> _EXERCISE INPUTS_:
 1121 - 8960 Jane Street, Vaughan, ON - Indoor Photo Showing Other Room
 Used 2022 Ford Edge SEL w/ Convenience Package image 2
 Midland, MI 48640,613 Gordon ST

---

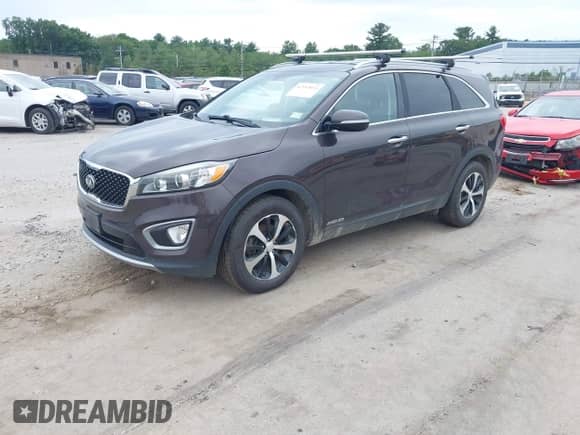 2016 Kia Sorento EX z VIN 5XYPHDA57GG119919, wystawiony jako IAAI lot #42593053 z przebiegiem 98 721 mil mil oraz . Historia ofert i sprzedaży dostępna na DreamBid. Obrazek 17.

> _WHAT YOU SHOULD DO_: The expected output is exactly the lines of the listing above between the line holding "1121 - 8960" and the line holding "Midland, MI 48640,613 Gordon ST", inclusive.

> _TASK RESPONSE_:
 1121 - 8960 Jane Street, Vaughan, ON - Indoor Photo Showing Other Room
 Used 2022 Ford Edge SEL w/ Convenience Package image 2
 Midland, MI 48640,613 Gordon ST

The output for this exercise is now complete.